‘Adding to the conversation’ of ESL’s new Dota 2 rating system.
Recently ESL announced a roll-out of a new rating system for Dota 2, an expansion to their existing CS:GO system. Whilst it certainly fulfills certain key criteria (relatively simple concept, objective rules, transparent-ish) there is certain language that seems overly defensive from the outset, and this itself is telling.

Back when I started doing Dota 2 stats, I collected historic ratings from Gosugamers (GG) and joinDota (JD) and pairing this data with associated matches to see how accurate the various systems were (GG was quite bad, JD was very bad). I then tried out various methods of my own to see which simple base models performed the best, and how these compared to jD/GG. With even the slightest tuning these pretty stock models (even on a hidden evaluation set) performed way better.

It was several months later at an event when I was chatting with various people within the scene. Writers for the news sites (like GG & JD) were quite up-front that their ratings were there mostly as a method to drive traffic to their site and as a result didn’t care too much about the accuracy provided it “looked right”. What was more scary was the fact that various sponsors and organizations used such ratings as a very large indicator of which teams to pick up; and tournaments which used the ratings to determine invites, seeds and groups for their events. To me, this was a scary thing: people making important decisions based on pretty terrible data.

Now, back to ESL. They seem to be following a similar line: discussing how this provides a ‘new perspective’, or ‘adds to the debate’. What isn’t mentioned which is quite key is that this exact system is used as a seeding metric for their CS:GO events.

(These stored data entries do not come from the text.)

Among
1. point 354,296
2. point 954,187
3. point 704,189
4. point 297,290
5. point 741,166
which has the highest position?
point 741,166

It seems weird to admit that a system isn’t the most accurate and is only there to add to the conversation; but then at the same time also use this inferior system in a manner which directly impacts the income of players in another esport (CS:GO, but likely Dota 2 soon). In my eyes using this instead of any top-tier statistically proven system is intentionally harming the players.
In conclusion, I’d like to identify some key issues with the model itself, which I think make it unsuitable:
- No associated statistical metrics published within the model (how accurate was it, is there an associated Brier score, how do you combat overfitting?).
- Quantifying events by size (the huge/large/medium/tiny criteria). No matter how many teams go to the LAN finals, this can be irrelevant if the tournament format is poor — winning a 32 team single elimination bracket shouldn’t mean more than winning an 18 team round-robin groups into 16 team double elimination event (like TI is).
- Quantifying events by skill. Using the skill of a team within the model to classify future events within the model is introducing an unnecessary feedback loop. This means a relatively small error can be compounded over time.
- Evaluating tournament performance by just final placement. Imagine you had a 256-team single elimination bracket where one team defeated 5 of the top teams in the world before being eliminated and another team defeated 5 random pub stacks. Despite finishing in the same position, would you say their performance is the same? If you had to start a tournament the next day, would you realistically offer the same odds on both these teams since they placed the same? Obviously not — individual matches describe the actual experiences and performances of individual teams. If there was an accurate “margin-of-victory” metric, that would also be a great addition.
- TI being weighted 50% more. After TI we have a huge break, a moderate patch, and the biggest shuffle of the year — creating the largest amount of uncertainty within any system. TI being weighted heavily just serves one purpose: the rankings look “right” after TI for 5–6 weeks just because there’s no other information. Given how the decay works, this indirectly means that TI results against completely different teams are used as a justification for up-seeding teams which did well at TI (generally big names) over potentially up-and-coming newer teams with much better recent performances (within the current set of teams, not a previous one).
Whilst it’s cool to talk about alternative ways to evaluate performance, this specific problem is one which exists in multiple other fields and large amounts of research has gone into ‘solving’ this. To reject that just for the sake of an alternative perspective seems backwards. I hope ESL addresses these issues before using this system for seeding teams, that is if they truly care about the competitive integrity of their events.
- Noxville
(ESL used “ELO” so my joke of adding an Electric Light Orchestra song continues)